Carax, qui signe ici son meilleur film, a toujours été un cinéaste adolescent, filmant l'amour fou et impossible, la jeunesse brûlée par manque d'amour, et des gestes souvent désespérés et inconscients.
Ce nouveau film, qui ne propose rien d'autre que de voir l'Acteur au travail, et c'est tout un programme en soi, est lui aussi un film adolescent, mais d'un autre point de vue. Il filme l'adolescence du cinéma, la réactive. L'adolescence du cinéma, c'est l'âge (d'or) des premiers films de Feuillade, de Epstein, de Buñuel, de Cocteau, celui où toutes les libertés sont encore possibles, ou le cinéma narratif est encore une possibilité parmi d'autres et pas la norme établie.
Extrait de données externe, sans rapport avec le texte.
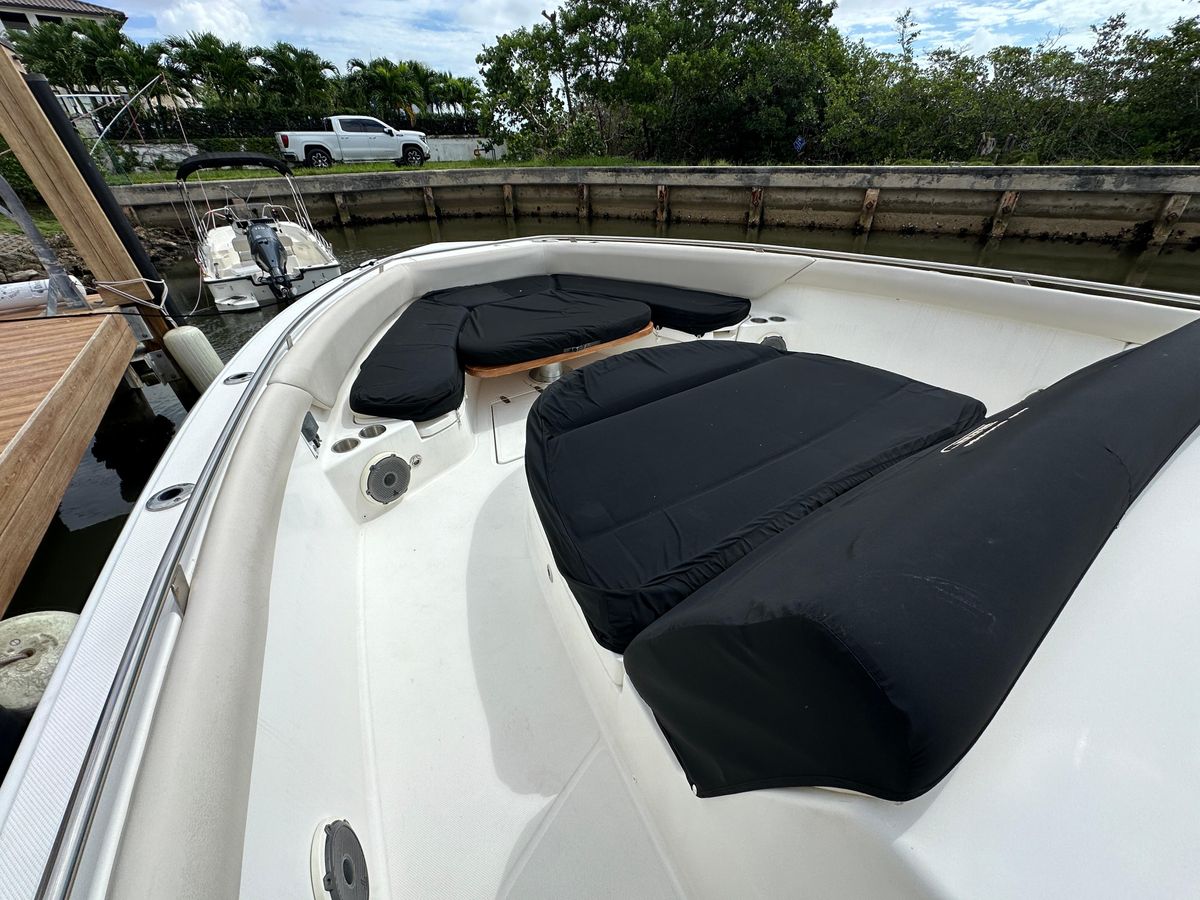 2020 Boston Whaler 42 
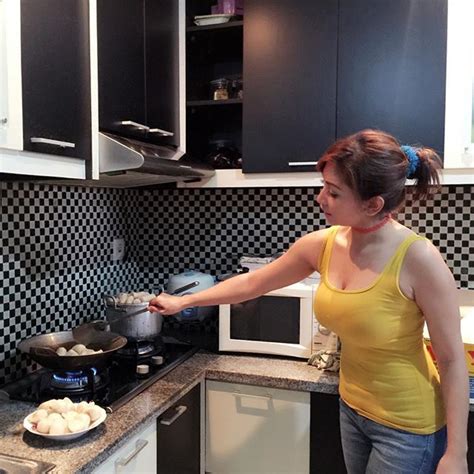 Cerita Dewasa Ngentot Dengan Tante Semokku Saat Sedang Masak Di Dapur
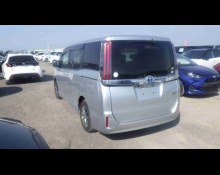 Toyota Noah 2020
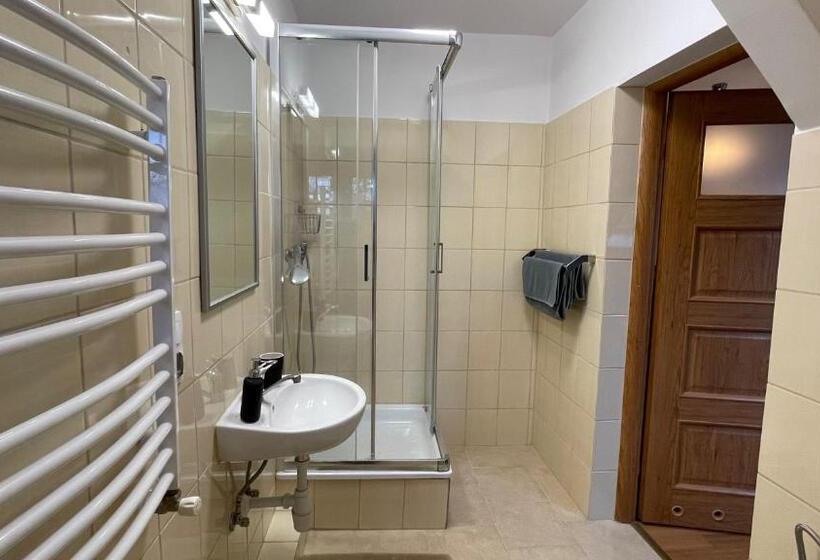 חדר משפחתי, Villa Anser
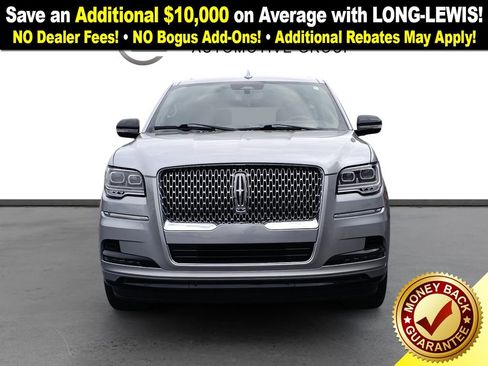 Used 2023 Lincoln Navigator Reserve image 11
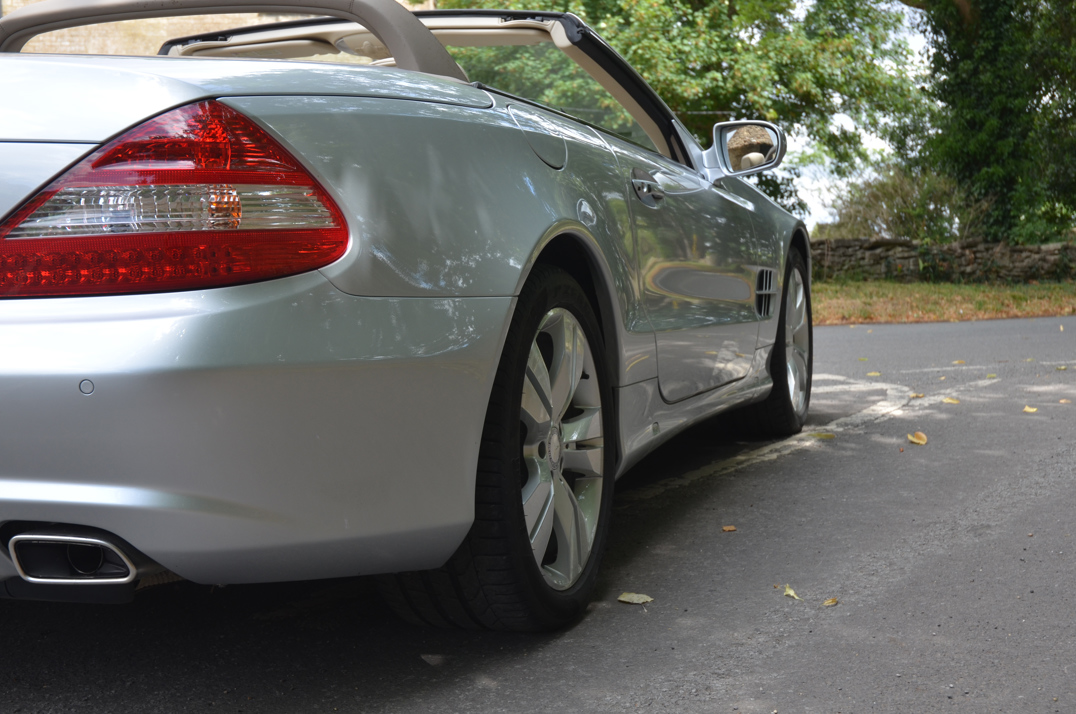 Mercedes SL 500 5.5 Auto gallery image 18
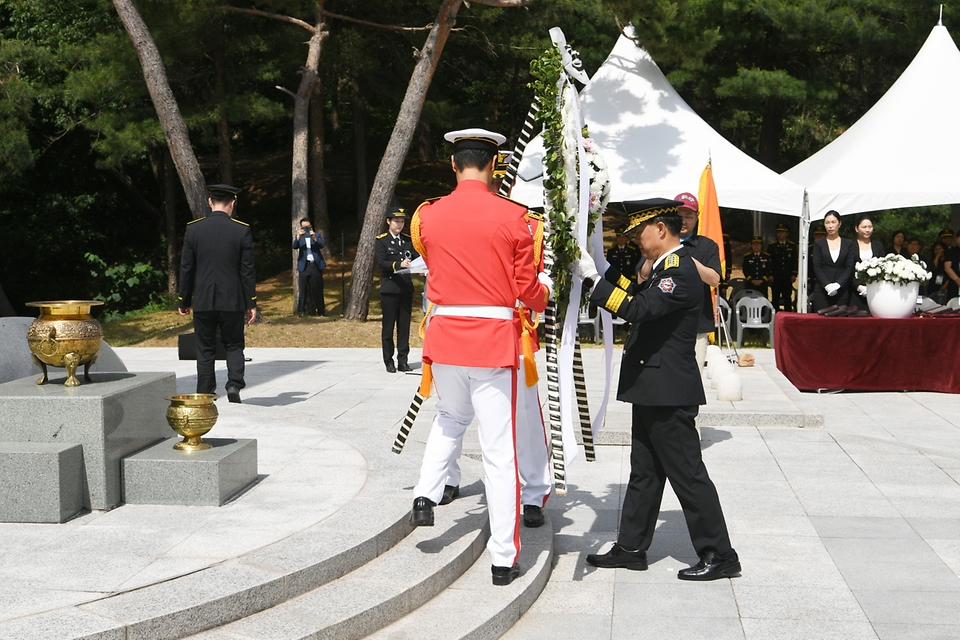 허석곤 소방청장이 6일 오후 충남 천안시 중앙소방학교 소방충혼탑에서 제70회 현충일을 맞아  헌화 및 분향을 하고 있다.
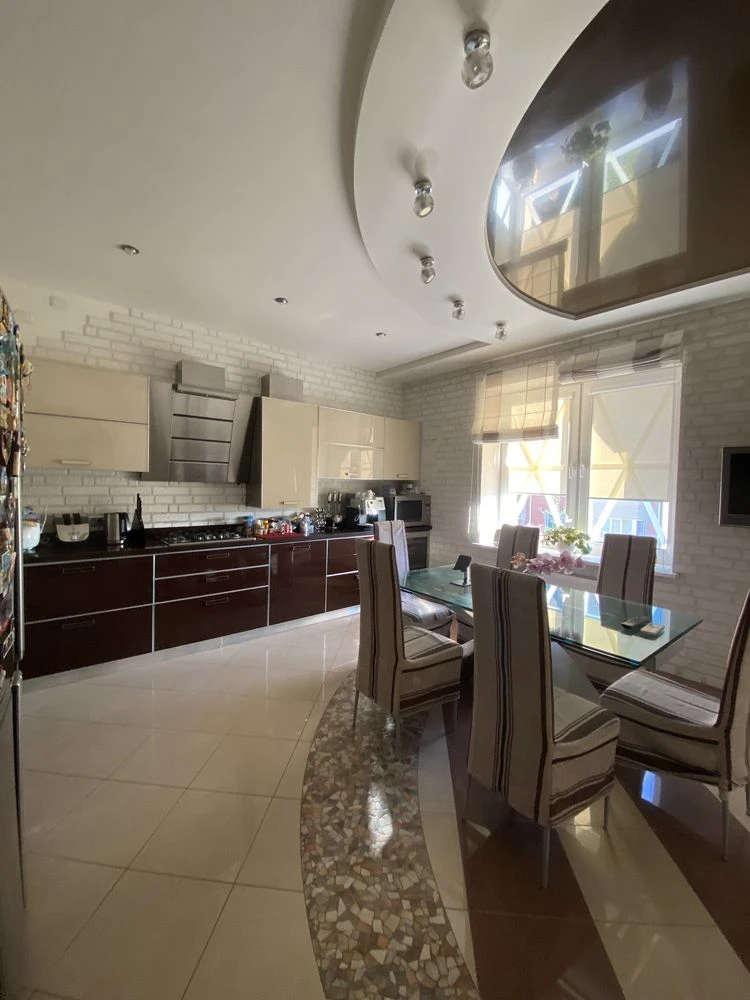 Продам 2х рівневу квартиру центр, 2 паркув місця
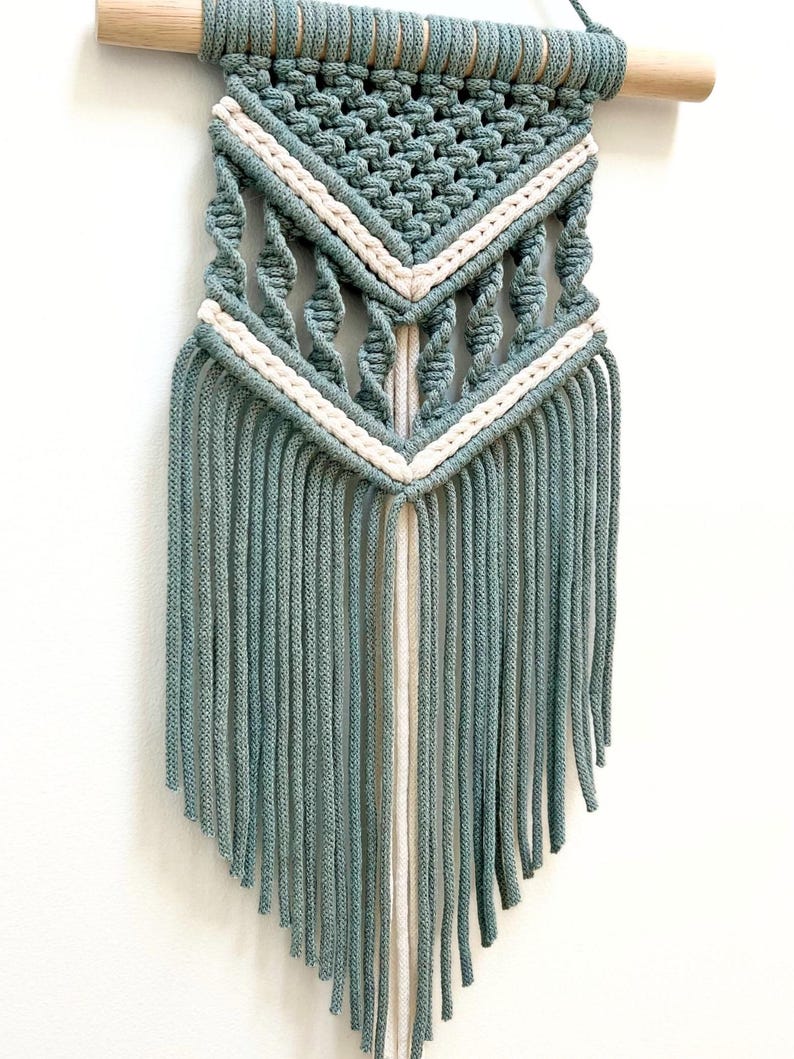 Macrame DIY Kit: Beginner Geometric Wall Hanging With Images (PDF ...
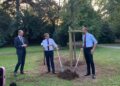 Italia-Germania, un albero per ognuno dei 75 anni delle relazioni diplomatiche: oggi piantata una quercia da Wadephul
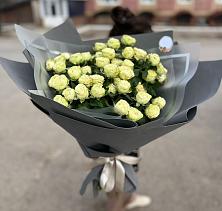 Букет Белые кустовые розы Солинеро в Приморский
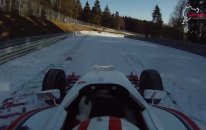Nurburgring Pistinde Karda Formula Aracı Kullanmak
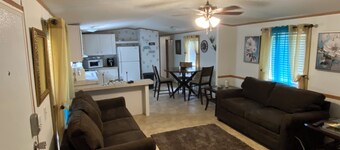 Welcoming 2-Bedroom 2-Bathroom Mobile Home
RV space available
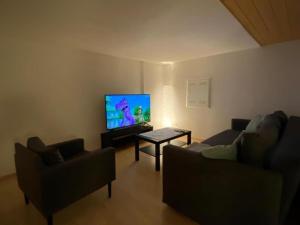 BütschwilBauernhof Sal的客厅配有2张沙发和1台平面电视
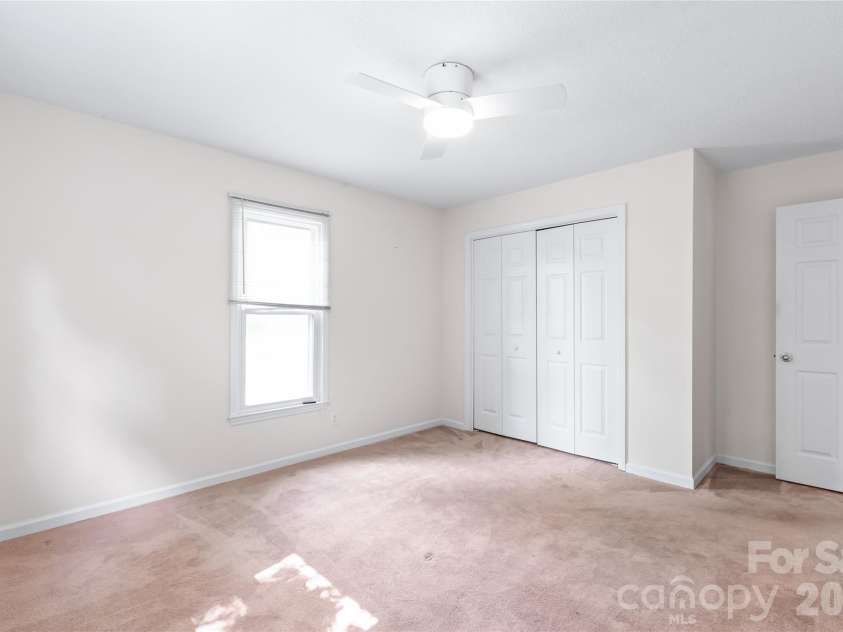 1011 Robin Lane, Rock Hill, SC 29730.  MLS# CAR4426360, YatesRealty ID 16483. 
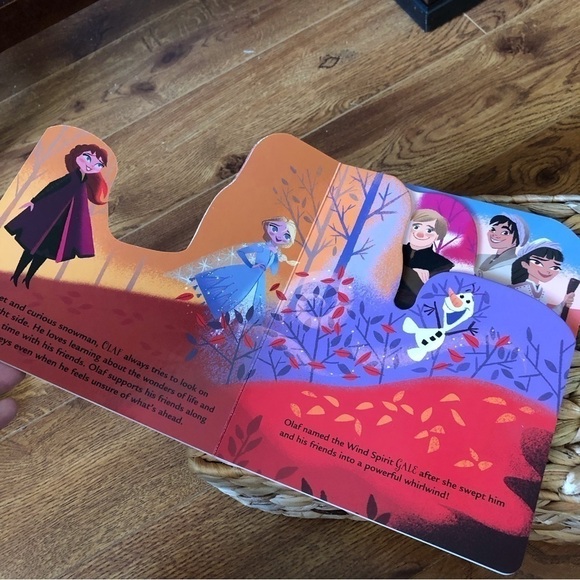 Children’s book: Disney: Frozen 2: Stronger Together board book - Picture 2 of 3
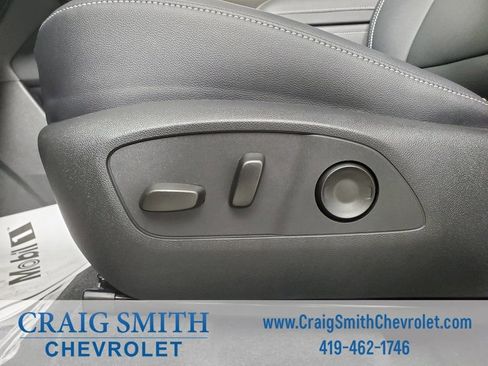 New 2026 Chevrolet Traverse LT w/ Driver Confidence Package FWD image 30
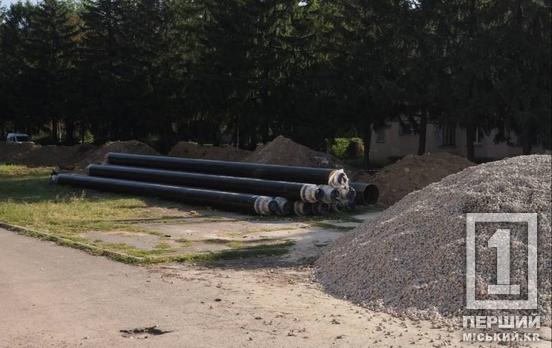 КП «Криворіжтепломережа» продовжує підготовку до опалювального сезону: у Тернівському районі завершують оновлювати ділянки мереж від котельні «Північний ГЗК-2»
C'est cela que réactive Carax avec brio, ici. Et par conséquent, il ne filme pas que l'Acteur au travail, mais également le Cinéaste. C'est Carax lui-même qui ouvre le film qui littéralement met le doigt dans l'engrenage pour que le film prenne vie. Un film atypique, qui comprend des vrais morceaux de bravoure, parmi les plus beaux moments de cinéma qu'on ait vu cette année (la suite de Merdre (et son magnifique plan séquence finale ou Lavant est nu, en érection, allongé sur la cuisse d'Eva Mendès voilée, se jetant des pétales de fleur sur le corps, pendant que l'actrice fredonne "All the pretty little horses"), toute la séquence avec Kylie Minogue dans la Samaritaine désaffectée qui réactive avec splendeur "Les Parapluies de Cherbourg" ou encore, pour n'en citer que trois parmi d'autres, le splendide retour au bercail final sur fond de Manset).